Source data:

# # # # #

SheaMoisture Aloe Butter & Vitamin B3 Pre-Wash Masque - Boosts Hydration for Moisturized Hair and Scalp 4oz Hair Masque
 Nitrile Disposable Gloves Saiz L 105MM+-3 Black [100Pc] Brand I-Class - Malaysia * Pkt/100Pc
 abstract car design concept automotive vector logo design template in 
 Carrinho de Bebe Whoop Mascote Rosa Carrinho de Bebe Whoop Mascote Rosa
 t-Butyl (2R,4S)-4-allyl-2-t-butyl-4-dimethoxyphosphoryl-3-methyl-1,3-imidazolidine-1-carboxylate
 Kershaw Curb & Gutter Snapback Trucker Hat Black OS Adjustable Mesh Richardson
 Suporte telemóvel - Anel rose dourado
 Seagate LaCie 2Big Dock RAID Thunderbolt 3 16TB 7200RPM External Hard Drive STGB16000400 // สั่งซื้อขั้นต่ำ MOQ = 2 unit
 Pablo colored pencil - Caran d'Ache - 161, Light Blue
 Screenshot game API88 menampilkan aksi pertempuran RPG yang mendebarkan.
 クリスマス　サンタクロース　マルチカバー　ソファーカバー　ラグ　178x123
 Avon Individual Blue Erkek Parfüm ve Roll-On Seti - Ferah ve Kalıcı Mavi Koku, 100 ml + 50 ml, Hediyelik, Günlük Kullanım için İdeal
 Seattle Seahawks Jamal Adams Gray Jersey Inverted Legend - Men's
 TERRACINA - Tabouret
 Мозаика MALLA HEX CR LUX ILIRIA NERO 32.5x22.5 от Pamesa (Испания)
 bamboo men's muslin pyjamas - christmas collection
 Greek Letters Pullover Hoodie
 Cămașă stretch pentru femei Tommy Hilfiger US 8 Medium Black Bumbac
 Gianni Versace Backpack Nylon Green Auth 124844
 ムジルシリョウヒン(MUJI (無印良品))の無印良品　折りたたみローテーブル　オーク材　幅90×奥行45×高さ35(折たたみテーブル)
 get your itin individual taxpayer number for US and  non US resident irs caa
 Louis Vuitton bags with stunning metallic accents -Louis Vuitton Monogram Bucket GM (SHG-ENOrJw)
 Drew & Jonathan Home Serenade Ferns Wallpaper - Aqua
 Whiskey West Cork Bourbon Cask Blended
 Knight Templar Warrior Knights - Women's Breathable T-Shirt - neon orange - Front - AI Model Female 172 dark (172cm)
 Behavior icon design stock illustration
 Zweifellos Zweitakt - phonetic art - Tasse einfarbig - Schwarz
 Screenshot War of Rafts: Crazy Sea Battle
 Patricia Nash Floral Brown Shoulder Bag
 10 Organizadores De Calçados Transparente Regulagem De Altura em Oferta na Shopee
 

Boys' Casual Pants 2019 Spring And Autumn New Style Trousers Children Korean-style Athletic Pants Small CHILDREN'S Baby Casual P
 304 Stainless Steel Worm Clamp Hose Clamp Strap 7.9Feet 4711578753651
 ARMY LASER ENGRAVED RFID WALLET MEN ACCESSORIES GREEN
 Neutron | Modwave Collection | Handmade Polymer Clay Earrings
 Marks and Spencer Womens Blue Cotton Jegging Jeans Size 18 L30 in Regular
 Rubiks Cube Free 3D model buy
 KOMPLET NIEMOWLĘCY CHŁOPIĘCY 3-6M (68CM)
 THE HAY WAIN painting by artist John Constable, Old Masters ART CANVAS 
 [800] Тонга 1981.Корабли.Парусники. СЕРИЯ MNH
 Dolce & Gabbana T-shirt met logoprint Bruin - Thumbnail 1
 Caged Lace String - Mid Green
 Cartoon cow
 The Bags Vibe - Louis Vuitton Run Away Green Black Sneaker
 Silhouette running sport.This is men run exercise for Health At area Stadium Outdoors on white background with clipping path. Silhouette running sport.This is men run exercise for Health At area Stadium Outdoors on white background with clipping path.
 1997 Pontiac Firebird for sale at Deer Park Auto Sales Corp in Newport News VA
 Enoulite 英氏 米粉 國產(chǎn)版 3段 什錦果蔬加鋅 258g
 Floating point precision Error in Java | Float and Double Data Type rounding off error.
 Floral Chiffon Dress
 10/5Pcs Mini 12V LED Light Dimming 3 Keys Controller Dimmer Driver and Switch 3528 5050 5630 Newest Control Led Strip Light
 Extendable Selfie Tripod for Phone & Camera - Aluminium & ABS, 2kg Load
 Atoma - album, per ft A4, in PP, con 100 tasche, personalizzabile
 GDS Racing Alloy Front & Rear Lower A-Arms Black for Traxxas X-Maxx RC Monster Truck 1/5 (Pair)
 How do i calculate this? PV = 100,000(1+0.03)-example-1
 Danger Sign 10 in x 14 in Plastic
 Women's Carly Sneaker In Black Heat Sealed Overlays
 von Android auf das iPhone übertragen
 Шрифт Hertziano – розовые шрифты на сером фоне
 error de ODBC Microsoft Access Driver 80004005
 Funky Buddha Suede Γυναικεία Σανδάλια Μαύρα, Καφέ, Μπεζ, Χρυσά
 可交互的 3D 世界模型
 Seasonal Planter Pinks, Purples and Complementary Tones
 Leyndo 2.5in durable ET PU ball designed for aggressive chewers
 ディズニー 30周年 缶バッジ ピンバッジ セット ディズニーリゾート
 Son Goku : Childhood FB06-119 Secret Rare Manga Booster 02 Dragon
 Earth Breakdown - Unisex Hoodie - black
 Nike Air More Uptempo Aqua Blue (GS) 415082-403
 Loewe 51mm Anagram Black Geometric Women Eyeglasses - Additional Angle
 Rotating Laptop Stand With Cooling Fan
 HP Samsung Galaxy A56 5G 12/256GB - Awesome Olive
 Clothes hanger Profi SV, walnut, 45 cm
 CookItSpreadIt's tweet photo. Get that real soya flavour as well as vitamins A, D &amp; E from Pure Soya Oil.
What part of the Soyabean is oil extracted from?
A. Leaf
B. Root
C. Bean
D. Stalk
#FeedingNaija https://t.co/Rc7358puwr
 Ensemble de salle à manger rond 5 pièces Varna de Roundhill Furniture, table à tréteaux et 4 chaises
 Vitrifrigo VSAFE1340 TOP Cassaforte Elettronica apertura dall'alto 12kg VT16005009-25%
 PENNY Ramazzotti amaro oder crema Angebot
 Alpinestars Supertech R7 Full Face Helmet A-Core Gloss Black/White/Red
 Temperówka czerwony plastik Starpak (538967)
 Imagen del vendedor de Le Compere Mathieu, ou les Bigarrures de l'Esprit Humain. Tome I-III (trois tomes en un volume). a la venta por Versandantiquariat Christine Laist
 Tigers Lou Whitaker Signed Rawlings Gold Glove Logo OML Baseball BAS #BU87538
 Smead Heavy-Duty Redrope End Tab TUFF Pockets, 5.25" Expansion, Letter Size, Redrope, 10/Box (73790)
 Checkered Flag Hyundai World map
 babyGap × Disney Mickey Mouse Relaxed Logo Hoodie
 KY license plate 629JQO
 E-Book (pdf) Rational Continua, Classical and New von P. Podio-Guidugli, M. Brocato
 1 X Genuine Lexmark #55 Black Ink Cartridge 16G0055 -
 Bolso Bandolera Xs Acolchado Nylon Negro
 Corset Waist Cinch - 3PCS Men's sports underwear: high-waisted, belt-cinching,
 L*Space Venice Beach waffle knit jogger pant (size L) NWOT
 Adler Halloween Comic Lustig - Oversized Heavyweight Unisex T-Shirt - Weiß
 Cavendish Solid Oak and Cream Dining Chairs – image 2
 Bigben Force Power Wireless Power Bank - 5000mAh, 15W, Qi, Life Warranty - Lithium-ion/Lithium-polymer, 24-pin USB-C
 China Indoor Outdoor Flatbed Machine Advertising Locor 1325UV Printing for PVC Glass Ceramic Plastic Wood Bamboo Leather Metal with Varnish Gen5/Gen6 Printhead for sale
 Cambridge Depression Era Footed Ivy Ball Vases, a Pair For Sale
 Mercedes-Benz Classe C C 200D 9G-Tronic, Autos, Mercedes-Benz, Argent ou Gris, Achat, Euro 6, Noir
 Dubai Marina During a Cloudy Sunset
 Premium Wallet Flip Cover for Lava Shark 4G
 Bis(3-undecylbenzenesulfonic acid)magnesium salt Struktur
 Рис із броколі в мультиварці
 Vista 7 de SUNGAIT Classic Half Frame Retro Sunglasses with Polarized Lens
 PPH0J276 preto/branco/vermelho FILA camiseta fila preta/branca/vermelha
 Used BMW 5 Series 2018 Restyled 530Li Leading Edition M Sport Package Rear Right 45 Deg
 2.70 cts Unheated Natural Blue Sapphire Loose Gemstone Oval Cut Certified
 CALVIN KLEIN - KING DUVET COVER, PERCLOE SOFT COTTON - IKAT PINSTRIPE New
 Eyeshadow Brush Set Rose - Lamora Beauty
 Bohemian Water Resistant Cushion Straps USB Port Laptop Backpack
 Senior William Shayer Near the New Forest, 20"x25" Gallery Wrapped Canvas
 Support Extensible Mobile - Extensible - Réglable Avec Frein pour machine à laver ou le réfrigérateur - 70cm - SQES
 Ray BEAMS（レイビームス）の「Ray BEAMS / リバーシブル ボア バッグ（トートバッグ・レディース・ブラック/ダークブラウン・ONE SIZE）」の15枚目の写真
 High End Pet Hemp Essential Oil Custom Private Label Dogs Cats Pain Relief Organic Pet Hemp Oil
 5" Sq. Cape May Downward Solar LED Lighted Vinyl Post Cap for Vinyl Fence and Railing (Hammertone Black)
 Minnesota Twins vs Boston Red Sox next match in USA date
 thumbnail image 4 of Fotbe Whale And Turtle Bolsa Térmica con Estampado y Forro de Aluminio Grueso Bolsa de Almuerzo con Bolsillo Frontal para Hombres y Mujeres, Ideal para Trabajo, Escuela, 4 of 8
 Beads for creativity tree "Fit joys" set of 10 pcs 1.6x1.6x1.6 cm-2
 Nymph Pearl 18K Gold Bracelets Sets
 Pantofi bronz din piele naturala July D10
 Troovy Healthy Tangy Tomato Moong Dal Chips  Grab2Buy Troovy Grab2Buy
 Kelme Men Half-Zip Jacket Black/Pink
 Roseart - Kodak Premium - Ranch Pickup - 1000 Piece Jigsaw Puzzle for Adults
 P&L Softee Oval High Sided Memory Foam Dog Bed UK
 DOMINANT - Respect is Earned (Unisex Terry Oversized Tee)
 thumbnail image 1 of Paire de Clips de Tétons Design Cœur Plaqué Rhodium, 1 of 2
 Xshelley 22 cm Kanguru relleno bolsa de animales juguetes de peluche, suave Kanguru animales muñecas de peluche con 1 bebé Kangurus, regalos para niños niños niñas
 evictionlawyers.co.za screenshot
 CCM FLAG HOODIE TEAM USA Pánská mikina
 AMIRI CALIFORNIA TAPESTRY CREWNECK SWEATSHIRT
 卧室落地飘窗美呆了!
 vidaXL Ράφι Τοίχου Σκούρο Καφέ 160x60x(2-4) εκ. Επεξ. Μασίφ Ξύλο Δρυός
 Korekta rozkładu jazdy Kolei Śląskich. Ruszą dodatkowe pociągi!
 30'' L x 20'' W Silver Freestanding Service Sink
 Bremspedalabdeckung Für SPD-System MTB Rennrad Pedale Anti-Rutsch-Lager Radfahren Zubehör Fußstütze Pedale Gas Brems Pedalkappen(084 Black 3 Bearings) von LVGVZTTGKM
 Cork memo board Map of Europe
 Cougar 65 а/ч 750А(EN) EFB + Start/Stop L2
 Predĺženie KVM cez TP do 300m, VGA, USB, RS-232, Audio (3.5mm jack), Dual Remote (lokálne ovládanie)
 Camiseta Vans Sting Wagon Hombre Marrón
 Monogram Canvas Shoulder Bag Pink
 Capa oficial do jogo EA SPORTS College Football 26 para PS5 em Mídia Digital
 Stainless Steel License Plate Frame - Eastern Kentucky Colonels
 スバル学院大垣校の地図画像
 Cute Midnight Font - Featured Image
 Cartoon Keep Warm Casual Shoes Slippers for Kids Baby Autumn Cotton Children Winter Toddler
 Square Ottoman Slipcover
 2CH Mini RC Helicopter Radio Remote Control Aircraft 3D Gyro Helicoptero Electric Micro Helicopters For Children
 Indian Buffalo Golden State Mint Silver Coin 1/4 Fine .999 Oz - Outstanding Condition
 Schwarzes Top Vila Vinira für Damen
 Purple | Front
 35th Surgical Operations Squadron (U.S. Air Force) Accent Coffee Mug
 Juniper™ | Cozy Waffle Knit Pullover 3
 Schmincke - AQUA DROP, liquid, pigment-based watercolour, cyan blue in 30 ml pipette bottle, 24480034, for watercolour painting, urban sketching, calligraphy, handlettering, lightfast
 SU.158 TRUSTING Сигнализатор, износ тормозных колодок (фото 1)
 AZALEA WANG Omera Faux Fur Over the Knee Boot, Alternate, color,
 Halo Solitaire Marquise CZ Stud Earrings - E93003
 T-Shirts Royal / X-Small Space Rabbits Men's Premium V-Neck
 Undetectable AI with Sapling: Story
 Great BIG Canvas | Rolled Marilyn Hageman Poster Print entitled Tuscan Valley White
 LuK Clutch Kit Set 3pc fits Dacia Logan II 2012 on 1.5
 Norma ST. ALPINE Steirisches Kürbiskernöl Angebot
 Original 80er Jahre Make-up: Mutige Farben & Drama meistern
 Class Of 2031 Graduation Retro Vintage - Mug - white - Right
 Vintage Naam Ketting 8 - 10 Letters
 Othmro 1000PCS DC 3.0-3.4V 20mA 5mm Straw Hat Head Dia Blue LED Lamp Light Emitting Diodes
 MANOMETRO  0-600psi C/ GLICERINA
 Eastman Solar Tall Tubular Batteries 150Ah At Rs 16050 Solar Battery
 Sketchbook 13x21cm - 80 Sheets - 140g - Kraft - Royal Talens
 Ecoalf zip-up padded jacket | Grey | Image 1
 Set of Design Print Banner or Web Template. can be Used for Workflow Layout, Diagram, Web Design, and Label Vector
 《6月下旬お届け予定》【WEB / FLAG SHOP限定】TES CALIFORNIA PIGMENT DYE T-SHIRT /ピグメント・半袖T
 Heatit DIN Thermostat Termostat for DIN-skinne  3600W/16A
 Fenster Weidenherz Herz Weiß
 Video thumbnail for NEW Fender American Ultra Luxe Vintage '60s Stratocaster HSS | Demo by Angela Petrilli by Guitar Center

# # # # #

§ TASK REQUIREMENTS
Here the output must be the lines above from the line with "error de ODBC" to the line with "Earth Breakdown - Unisex Hoodie - black", both included, duplicated word for word and nothing else.

§ ANSWER FOR THIS EXERCISE
 error de ODBC Microsoft Access Driver 80004005
 Funky Buddha Suede Γυναικεία Σανδάλια Μαύρα, Καφέ, Μπεζ, Χρυσά
 可交互的 3D 世界模型
 Seasonal Planter Pinks, Purples and Complementary Tones
 Leyndo 2.5in durable ET PU ball designed for aggressive chewers
 ディズニー 30周年 缶バッジ ピンバッジ セット ディズニーリゾート
 Son Goku : Childhood FB06-119 Secret Rare Manga Booster 02 Dragon
 Earth Breakdown - Unisex Hoodie - black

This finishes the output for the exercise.